Hi all
It's SO exciting to have this dialogue going! It's quite easy to feel
remote and 'off the planet' here in New Zealand, where in many ways we
have the freedom to challenge orthodoxy, but in other ways are still quite
constrained by our training in traditional methods.
I have welcomed off-line comments from some (it would be good to see them
replicated on this list, so we can jointly take our inquiry forward) and
also to log on tonight and read Chris' and Robyn's comments. I read
Jack's last night. Jack, I remain overwhelmed and humbled by your
powerful theoretical analysis but at the same time hugely heartened by the
warmth and reciprocity I read in your comments.
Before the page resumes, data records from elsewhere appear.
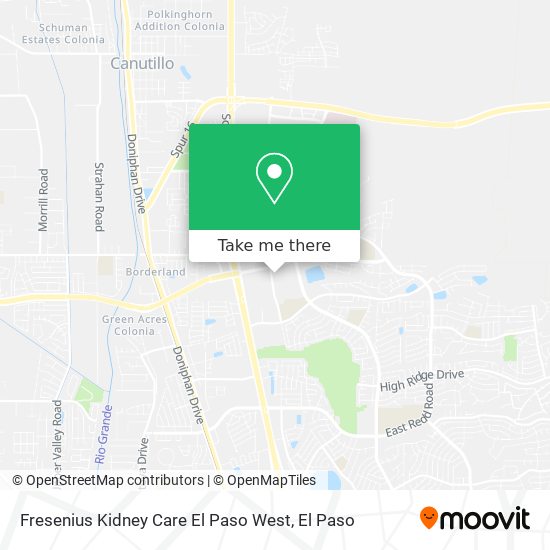 Fresenius Kidney Care El Paso West map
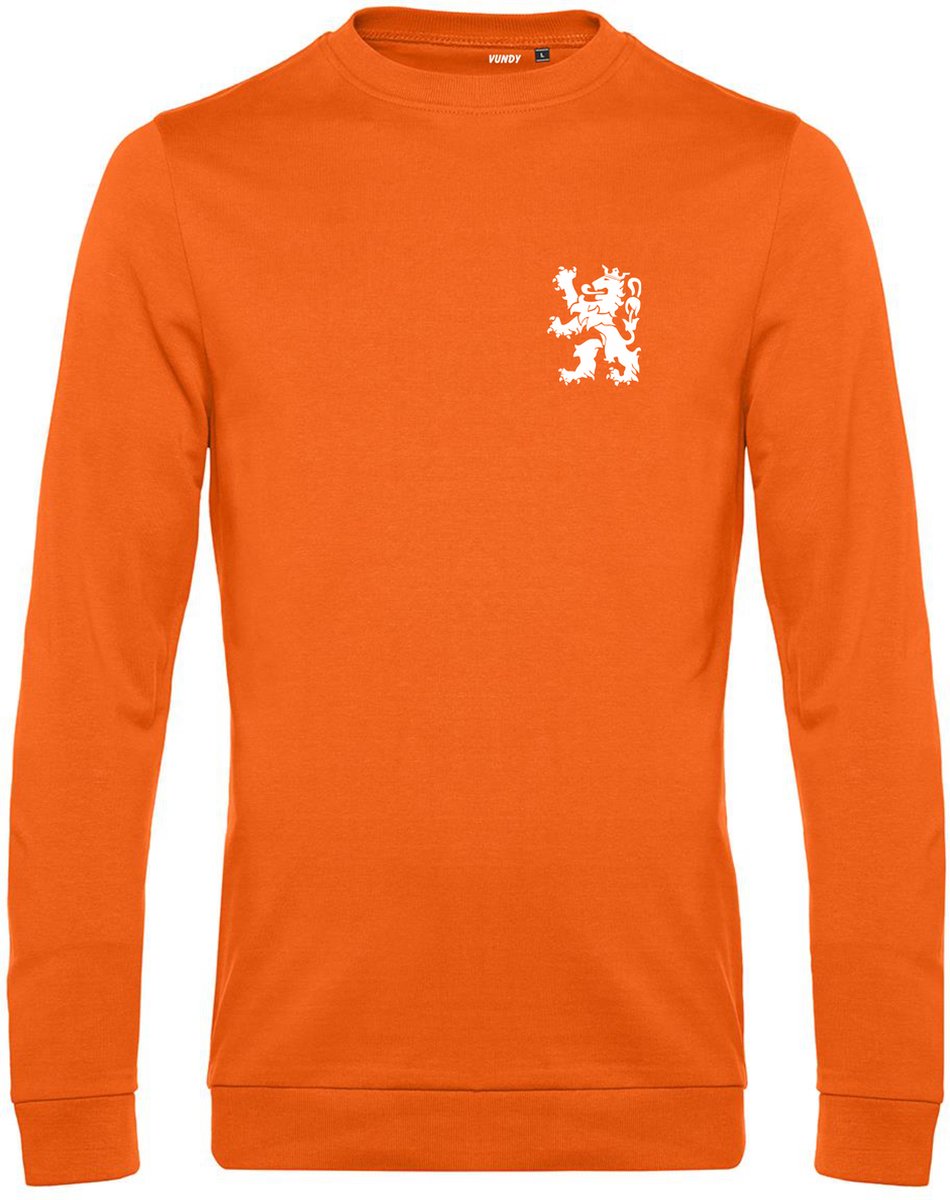 Sweater Holland Leeuw Klein Wit | Oranje Shirt | Koningsdag Kleding | Oranje | maat XXL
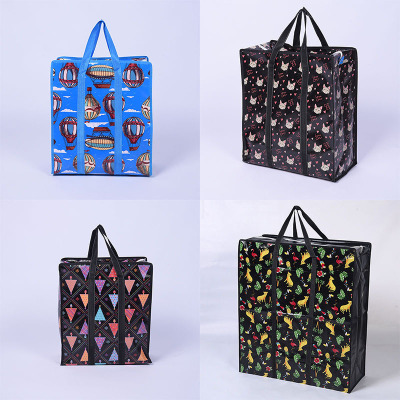 Factory direct thickening is vertical version of non-woven bag quilt luggage storage bag as wear-resistant moving bag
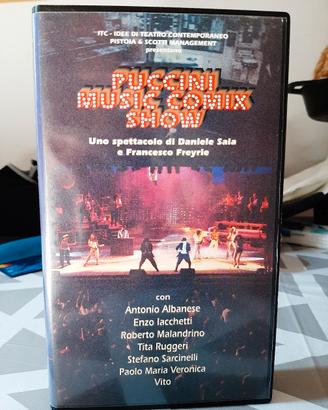 VHS Puccini Music Comix Show Musical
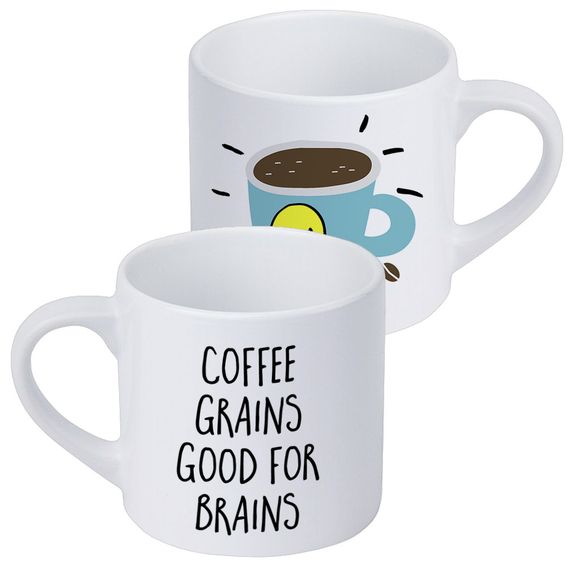 Кружка маленька Coffee grains good for brains 170 мл (KRD_20M032)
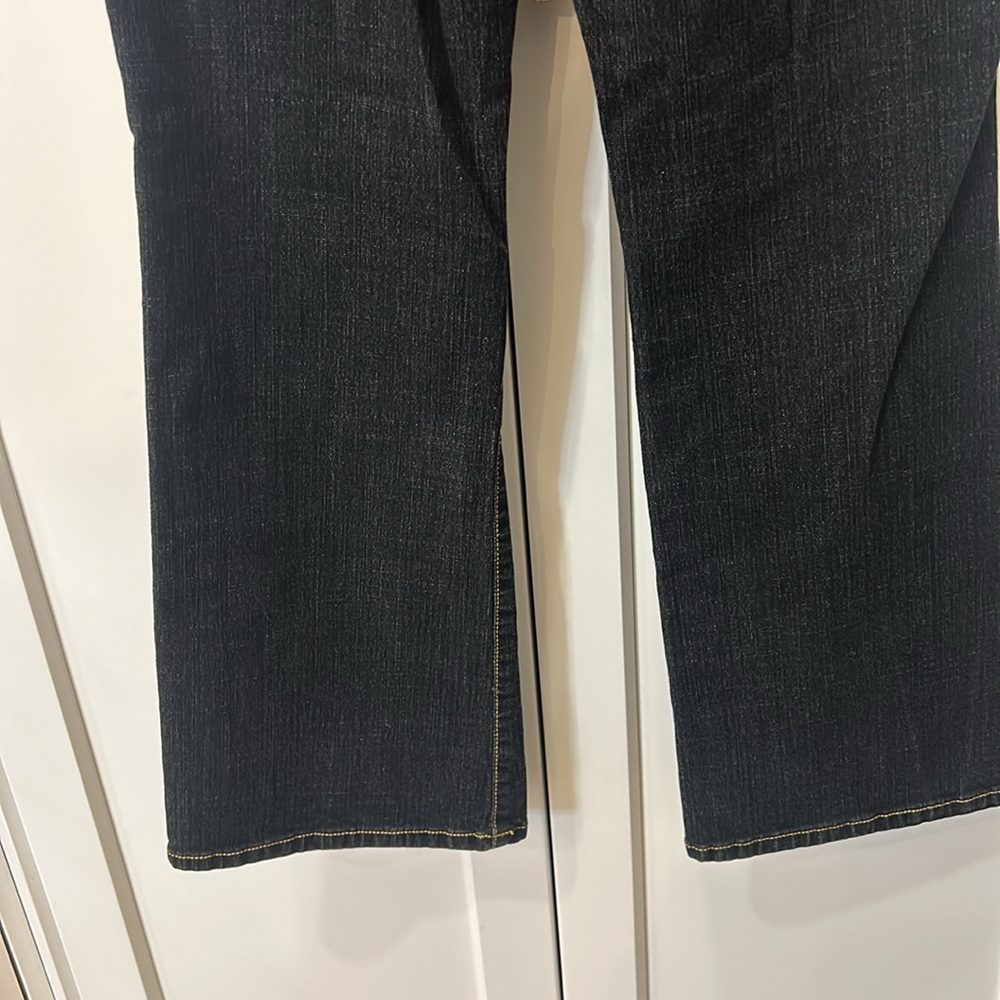 Jeanstar Petite Size 12 Jeans black denim - Picture 3 of 9
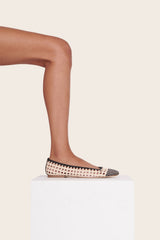 NELL CROCHET BALLERINA CREAM BLACK - STAUD US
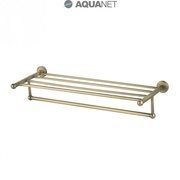 Полка с полотенцедержателем Aquanet 4600 4662 58 см золото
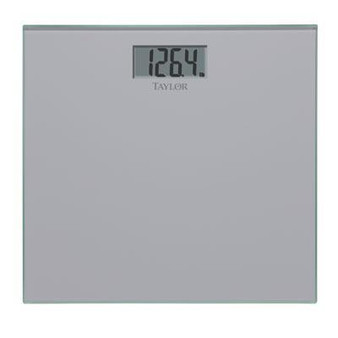 Glass Digital Scale Silver "75584193S"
I feel that together we
(Robyn, Jack, Chris, whoever chooses to join us in this forum) can really
mount a challenge to the prevailing orthodoxy of what 'counts' in the
Academy.
Chris, the message you sent to Robyn, which was contained below her reply,
aptly picks up the kinds of issues that we are dealing with in our Maori
university. Today, for example, I found myself challenged again. Having
been entrusted with the job of building research culture within my wananga
(Maori university) I found myself and my two Maori colleagues being
questioned about why we have put in place a formal Ethics committee when
one group of our researchers tends to use 'kaumatua' (respected elders -
in this particular case, an adjunct professor with strong affiliations to
the local 'traditional' university) to get ethical approval for research
projects. We are asked why we put a 'pakeha' (non-Maori, predominantly
European) system in place. Yet we were commissioned by our wananga to do
this - to raise our game as a 'university' where we have to meet
predominantly pakeha quality standards to gain accreditation and funding
for our programmes. How to reply? Is there validity in the kaumatua
scrutiny as well as/instead of standard ethics committee practice? You
can see, in this current example, the tensions we face. We have to be
open to other ways of being and seeing, without throwing out the baby with
the bathwater. (But who determines what is baby, and what is bathwater?
the thot plickens...)
Enough for tonight, I may have lost you already! But let's keep this
dance going. I am so heartened by your responses.